Listed entries.
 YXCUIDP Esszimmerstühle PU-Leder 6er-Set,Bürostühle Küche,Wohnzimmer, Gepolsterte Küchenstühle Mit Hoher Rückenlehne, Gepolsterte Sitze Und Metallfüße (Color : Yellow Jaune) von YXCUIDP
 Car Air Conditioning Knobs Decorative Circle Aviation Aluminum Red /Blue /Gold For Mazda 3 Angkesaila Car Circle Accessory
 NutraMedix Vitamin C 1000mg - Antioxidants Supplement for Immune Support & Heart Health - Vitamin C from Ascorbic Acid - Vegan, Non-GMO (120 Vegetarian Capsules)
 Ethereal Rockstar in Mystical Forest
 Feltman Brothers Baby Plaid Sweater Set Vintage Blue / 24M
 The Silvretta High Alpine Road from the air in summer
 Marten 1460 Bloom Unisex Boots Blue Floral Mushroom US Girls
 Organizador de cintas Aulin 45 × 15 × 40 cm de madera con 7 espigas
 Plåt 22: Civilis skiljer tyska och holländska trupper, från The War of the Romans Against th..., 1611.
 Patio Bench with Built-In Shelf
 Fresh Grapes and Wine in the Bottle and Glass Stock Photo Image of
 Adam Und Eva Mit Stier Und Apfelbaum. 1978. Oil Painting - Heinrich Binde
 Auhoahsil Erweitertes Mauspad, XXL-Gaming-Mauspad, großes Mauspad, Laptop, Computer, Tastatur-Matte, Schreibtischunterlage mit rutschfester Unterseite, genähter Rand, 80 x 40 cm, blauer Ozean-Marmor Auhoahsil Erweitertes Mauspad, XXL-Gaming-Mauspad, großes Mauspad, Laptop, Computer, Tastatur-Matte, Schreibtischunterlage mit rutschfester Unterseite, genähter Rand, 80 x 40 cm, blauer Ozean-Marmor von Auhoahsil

Work required. In the listing above, the lines from the one containing "Patio Bench with Built-In Shelf" through the one containing "Adam Und Eva" must be set down exactly, with no other lines.

Task output.
 Patio Bench with Built-In Shelf
 Fresh Grapes and Wine in the Bottle and Glass Stock Photo Image of
 Adam Und Eva Mit Stier Und Apfelbaum. 1978. Oil Painting - Heinrich Binde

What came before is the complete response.